Trade & Industry Minister supports broad-based ownership schemes

Posted on Feb 8, 2021 in News

Ditikeni welcomes Trade and Industry Minister Ebrahim Patel’s statement (as reported by Business Day ) clarifying the role of broad-based trusts in BEE. There can no longer be any doubt that organizations like Ditikeni qualify fully with the Codes. We are grateful to the Minister for this clear statement of government policy.

His comments were reported by Carol Paton in the Monday 8 February 2021 edition of Business Day newspaper:

Ebrahim Patel says broad BEE trusts are genuine

Trade, industry & competition minister Ebrahim Patel has come out strongly in support of broad-based ownership schemes including ownership by trusts, which he says are genuine BEE and must be recognised as such.

Patel’s statement, made on Friday at the launch of an expanded worker ownership scheme by Coca-Cola Beverages SA (CCBSA), signals a resolution to the longstanding conflict with BEE commissioner Zodwa Ntuli, who has declared that many broad-based schemes are BEE fronts, which do not qualify as genuine black ownership.

The CCBSA scheme will see a further 10% of equity in the company transferred to its 8,000 employees in a vendor-financed arrangement, in which workers will receive a trickle dividend from day one. Full ownership of the shares will vest in individual employees in 10 years. CCBSA employees already own 5% of the company.

In a groundbreaking move, CCBSA has also included employee representation on its board, which is a measure that Patel is seeking to encourage more widely.

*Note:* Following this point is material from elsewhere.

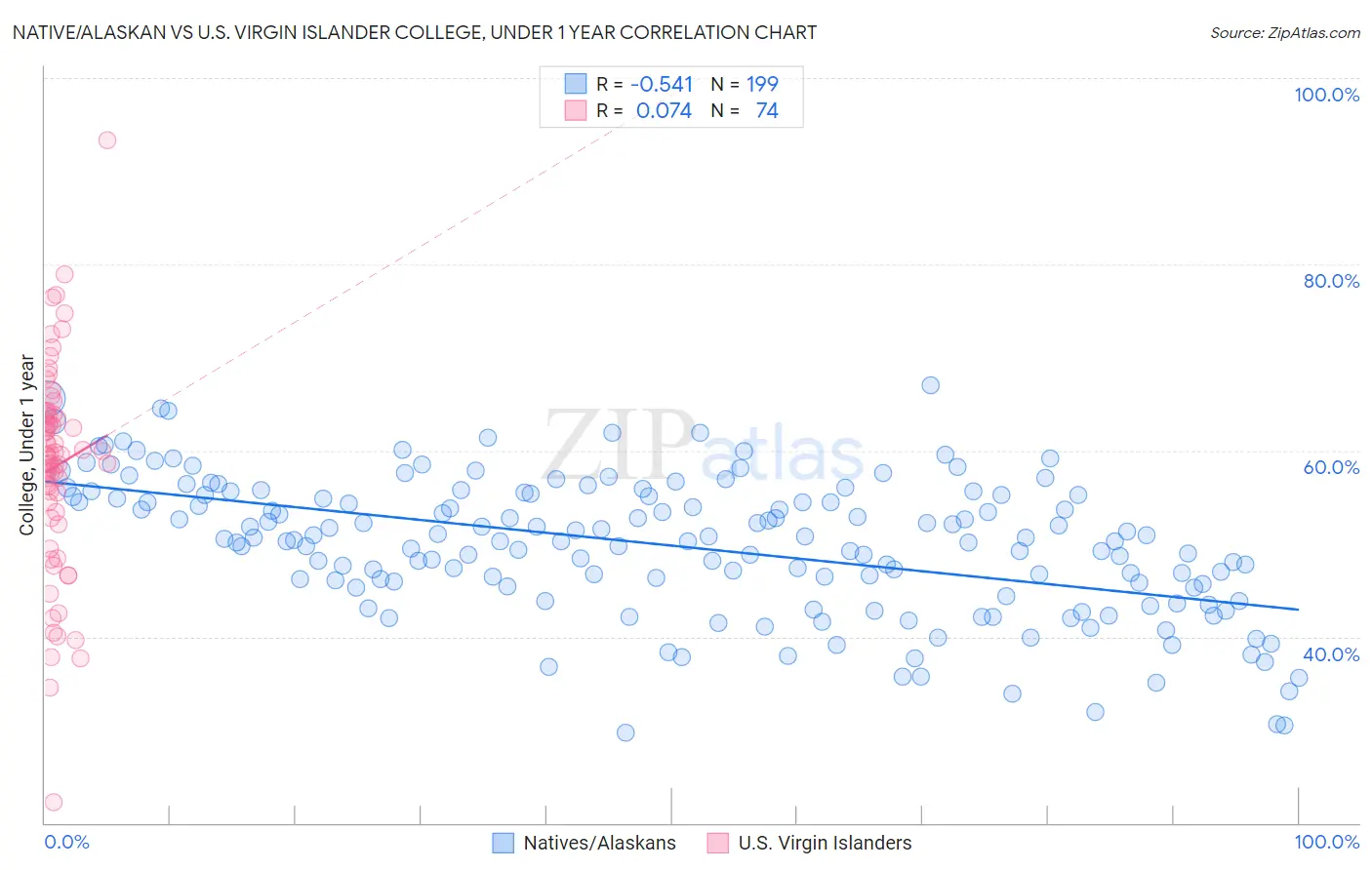 Native/Alaskan vs U.S. Virgin Islander College, Under 1 year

Individual ownership and dividend flows to individuals are among the criteria that Ntuli has insisted on for BEE recognition. CCBSA MD Velaphi Ratshefola said that the company had extensive engagements with Ntuli, who is responsible for monitoring empowerment transactions, when designing the scheme to ensure “the alignment of expectations”.

“This scheme is the real deal and the fact that there is board representation is a big differentiator from what has gone before,” said Ratshefola.

Patel said that there was wide agreement that employee ownership schemes where shares vested in the names of individuals were genuine black ownership.

“There has been no controversy on this, and everyone agrees it falls squarely within the definition of BEE,” he said. “Where the discussion has taken a little bit of reflection is evergreen schemes where a shareholding is vested in perpetuity in hands of employees. There have been some questions as to whether that properly qualifies for BEE rating in terms of the scorecard. I hold the firm view that it does,” he said.

Such schemes, which enabled all employees over time to benefit and not just those who had the good fortune to be employed at the moment that the scheme was created, were also empowering and inclusive. A controversy bigger than that over employee ownership schemes concerns BEE schemes owned by trusts that distribute benefits such as bursaries to beneficiaries. This was the form taken by many of the BEE pioneers in the 1990s as efforts were made to provide wider access to the benefits of direct investment in companies.

These include the Kagiso Charitable Trust, Mineworkers Investment Trust, HCI, WDB Trust, Ditikeni Trust and Wiphold Trust, which engaged some of the first BEE transactions in the market.

The pronouncements by Ntuli that these schemes did not qualify for BEE ownership in terms of the scorecard more than a year ago led to desperate appeals to Patel to provide clarity. On Friday, Patel said that these schemes were “a different model” that promoted inclusivity and deserved recognition.

“On the matter of broad-based trusts that hold equity and their status: again I think that these are the pioneers of BEE and should be recognised appropriately. For example, companies such as Kagiso.”

Broad-based trusts have appealed to Patel to publish a clarification notice that would put an end to the uncertainty, which is affecting their ability to do BEE transactions and access licences and other statutory requirements.

Consultant Ajay Lalu, MD of Black Lite, who has been assisting the trusts, said that ministerial clarity was urgently required.

“We continue to see contradictions between the [department] and the BEE commissioner with regard to BEE schemes, and unless it is resolved [uncertainty will continue], hindering broader participation in transformation,” he said.